Safety tips for households after investigation finds batteries caused fire at recycling plant

By Rachael Ridley  April 13th, 2023

An investigation has determined the cause of a recent fire at a recycling facility in Canberra was common household batteries. The ACT Government has used the opportunity to remind the public to keep batteries out of bins. Read on for tips on how to safely store and dispose of batteries.


Incorrect disposal of batteries has been blamed for the 2022 Boxing Day fire that engulfed around 80 per cent of the ReGroup Recycling Facility in Canberra. The investigation by ACT Fire and Rescue reports a ‘thermal runaway’ ignited the fire in the waste compactor, caused by lithium-ion batteries overheating.

Lithium is found in many household batteries such as non-rechargeable AA and AAA batteries, and in rechargeable lithium-ion batteries in devices like laptops, mobile phones, and cameras. All types of batteries must be safely disposed of once they have reached their end of life to prevent fires and toxic materials entering the environment.  

Batteries are hazardous items that should never be put in garbage or recycling bins. Dead batteries still retain some life, and when their electrical parts are rubbed together (from moving around in a garbage truck, for example) they can produce sparks that have the potential to ignite a fire. Lithium-ion batteries can also quickly overheat, sparking a chemical reaction and resulting in thermal runaway.

How to get rid of old batteries

While batteries should never be put in your household recycling bin, they can be recycled. In fact, batteries contain lots of valuable materials that can be used again to make new batteries and other products. They also contain toxic materials such as mercury and lead that must be disposed of responsibly.

Australia has a national recycling scheme for common household batteries, with drop-off points located across the country. The types of batteries accepted under the scheme include standard handheld batteries such as AA and AAA, rechargeable batteries, button batteries, and batteries in products that can be easily removed by the public such as power tools and digital cameras.

Other types of batteries have their own recycling schemes with designated collection points:

How to safely store batteries

If you would like to store your old batteries together so you can drop them off for recycling at the same time, there are a few steps you should follow to prevent the batteries from starting a fire.

  1. Store batteries in a glass container that is not airtight (otherwise pressure can build up). Never store batteries in a metal container or with other metal objects.

  2. Put tape over the parts of the batteries that produce electricity to prevent sparks. This would be at either end of standard AA batteries or on both sides of button batteries, for example. Use non-conductive tape like sticky tape, electrical tape, or duct tape. Keep the tape on the batteries when you drop them off for recycling.

  3. Store the container in a cool, dry place away from heat sources like stoves.

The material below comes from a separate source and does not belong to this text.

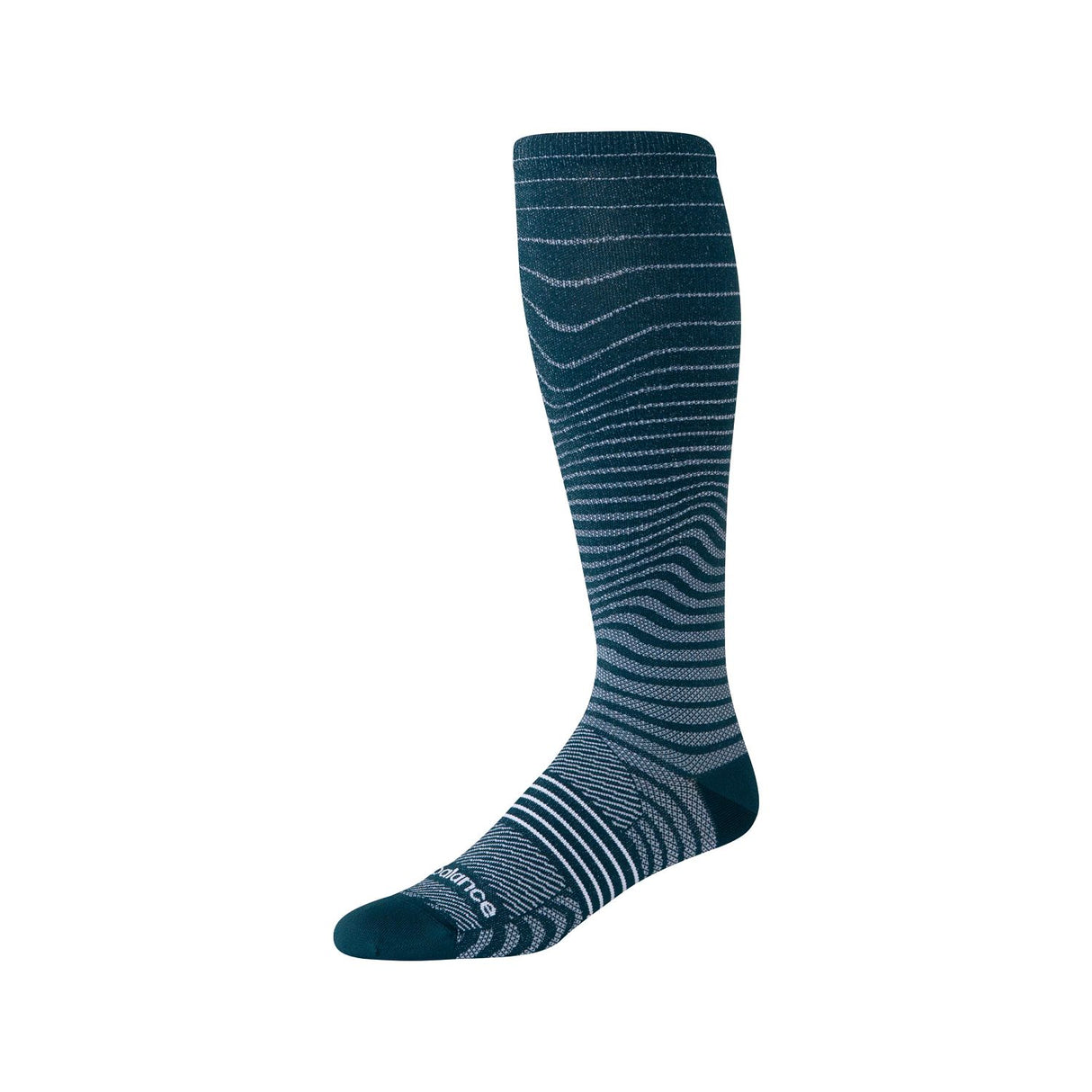 New Balance Pro Run OTC Socks 1 Pair-1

  4. Keep batteries away from children, especially small types like button batteries that can be easily swallowed.

  5. Don’t store batteries for longer than 6 months.

Battery recycling for workplaces and businesses

Workplaces should have a system in place to safely store and recycle used batteries. Batteries 4 Planet Ark is an accredited recycling program for handheld batteries that provides a door-to-door service for businesses and workplaces located anywhere in Australia.

How to join the program:

  1. Purchase a Batteries for Planet Ark recycling box, which will be posted to your workplace (the fee includes postage, collection, and recycling)

  2. Use the easy instructions provided to set up the fire-proof box and let your staff know how to use it

  3. When the box is full, contact us and we’ll collect it for recycling!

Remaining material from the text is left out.